07/3/2011 - The Lord's Day - Evening. – Greetings y’all. Michael Bunker is soooo mad, he's speaking of himself in the third person! As is usual with any true manifestation of God's local body (the true Church), we are always being targeted by the enemy via wolves, false-brethren, false teachers, etc. Michael Bunker has had enough of one particular species of wolf... The Hyper-Dispensational Antinomian (the strange concoction of Antinomian/Paulist/Grace Abuser and Legalistic Self-Worshipping Idolater). I'll explain how these strange mixtures appear in the same person. But these things are right along the lines of what I expose and teach in Modern Religious Idols, but I will get straight to the point...If anyone has ever told you YOUR BODY IS A TEMPLE! (wrongly teaching a false doctrine from 1 Corinthians Chapter 3 in order to manipulate you and get you under their own power), or if you yourself have ever taught this horrible teaching... I need you to listen to this sermon.
If you have ever wondered how people can abrogate God's explicit commandments and impose their own vain traditions, I need you to listen to this sermon...
Listen to it 5 times. Learn it. Love it.
It should be 1 hour and 48 minutes long. Get it all.
Oh, and I'd LOVE to hear from any preachers or professing Christians who have gotten this wrong or mis-taught it before.

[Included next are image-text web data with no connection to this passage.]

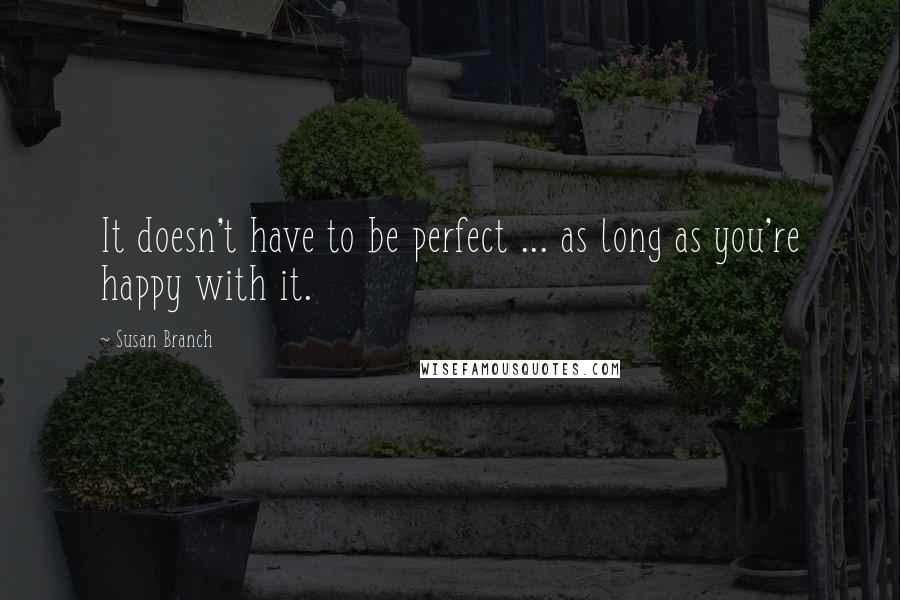 Susan Branch Quotes: It doesn't have to be perfect ... as long as you're happy with it.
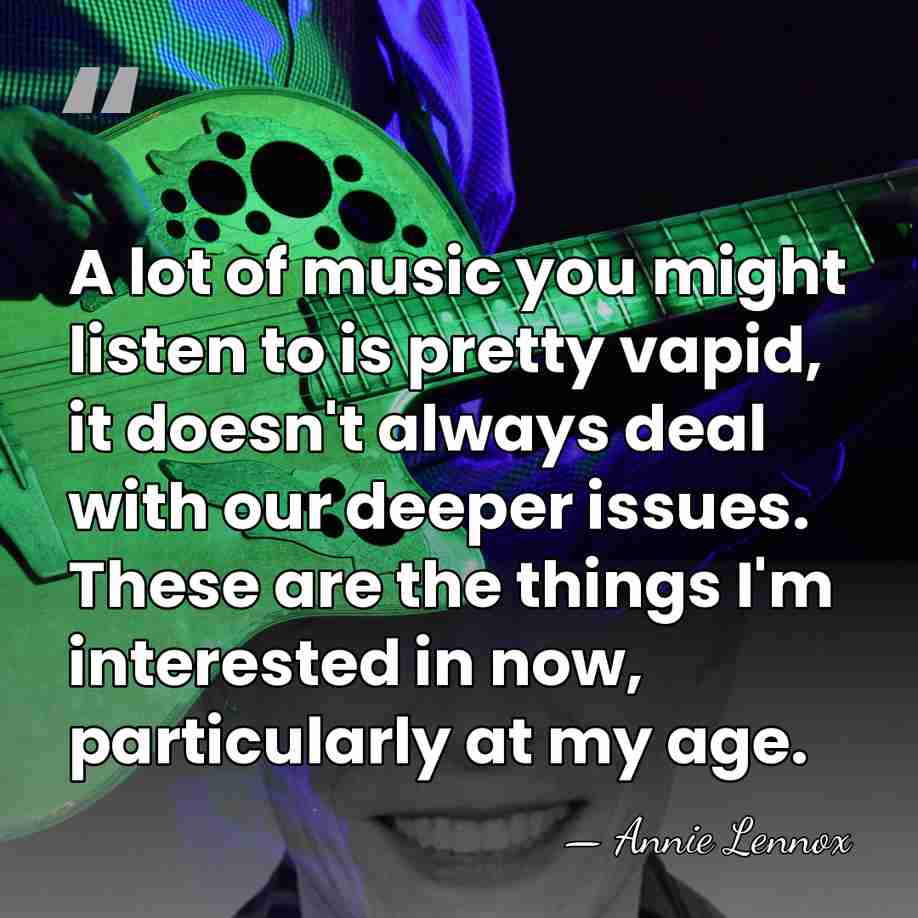 A lot of music you might listen to is pretty vapid, it&hellip; - Annie Lennox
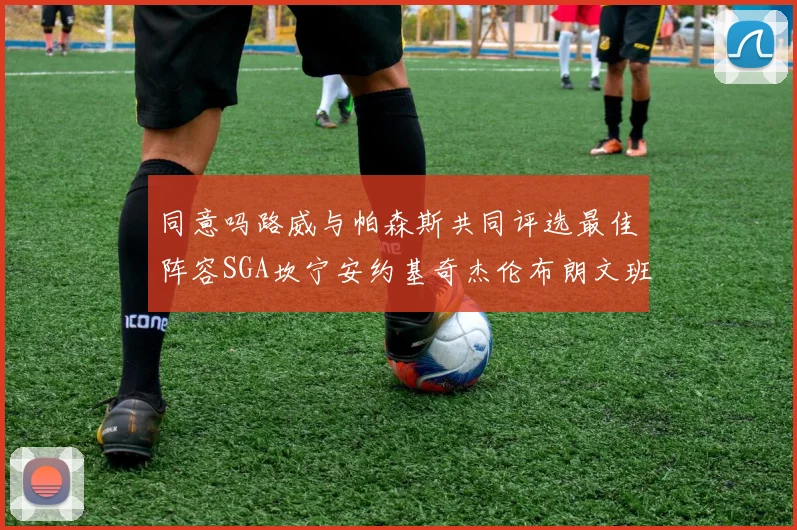 同意吗路威与帕森斯共同评选最佳阵容SGA坎宁安约基奇杰伦布朗文班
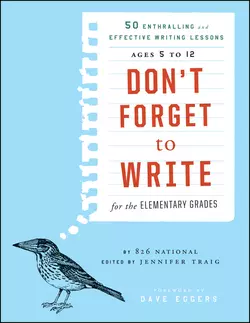 Don′t Forget to Write for the Elementary Grades. 50 Enthralling and Effective Writing Lessons (Ages 5 to 12), Jennifer Traig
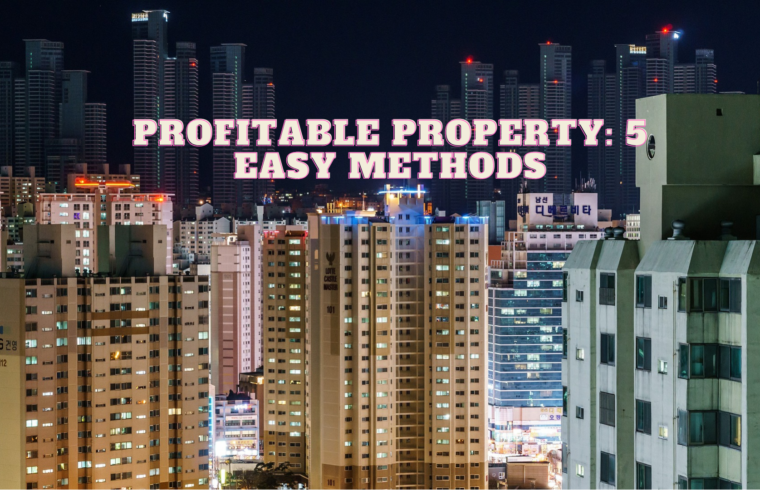 Profitable Property 5 Easy Methods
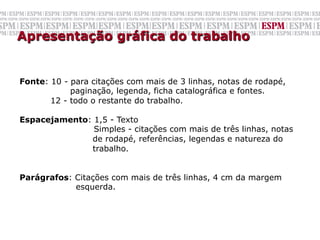 Apresentação gráfica do trabalho


Fonte: 10 - para citações com mais de 3 linhas, notas de rodapé,
            paginação, legenda, ficha catalográfica e fontes.
       12 - todo o restante do trabalho.

Espacejamento: 1,5 - Texto
               Simples - citações com mais de três linhas, notas
              de rodapé, referências, legendas e natureza do
              trabalho.


Parágrafos: Citações com mais de três linhas, 4 cm da margem
            esquerda.
	
  
	
  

I remain your servant in Christ Jesus,
Michael Bunker
More for your help...
14 comments:
While I agree 1 Cor 3 does not tell us what we can or cannot eat or drink I disagree with your almost 2 hour rant as to why you can purchase beer in Walmart. You were rebuked with a scripture verse that didn't fit, but does that make buying beer in Walmart okay? I am not saying drinking is a sin, clearly it is not, but name brand beer and hard liquor is a worldly pastime (hobby!) for millions in this country. Millions abuse it, misuse it and esteem it. Beer and hard liquor commercials promote their product with half naked men and women who try to convince us they are sophisticated, hip and cool. I have a problem with those lies and a personal conviction to not support these companies. I'm not sure if buying beer is a sin, but don't you think we should be cautious when doing something that may give an appearance of evil? Wouldn't it be wiser to just make your own beer, quietly?
Yeah,
It is just really illustrative that people can dismiss abuse of God's Word with a "yeah they misused the scripture, but" in order to get to the really important personal social and political issues of the day. I am just not that guy. Frankly, I don't watch TV so I am not affected one way or another by advertising, and in my orbit there are a whole lot more people who are guilty of stupidity, worldliness, and gluttony than there are those who are guilty of immoderation in lawful things like beer. So no, I do not agree with you. I see the results of 100 years of religious meddling in lawful and historically beneficial practices and benefits, and I would say that the stupid religiousity of teetotalers has caused much more damage than the so called "worldliness" of private individuals choosing to engage in a lawful and healthful act in moderation.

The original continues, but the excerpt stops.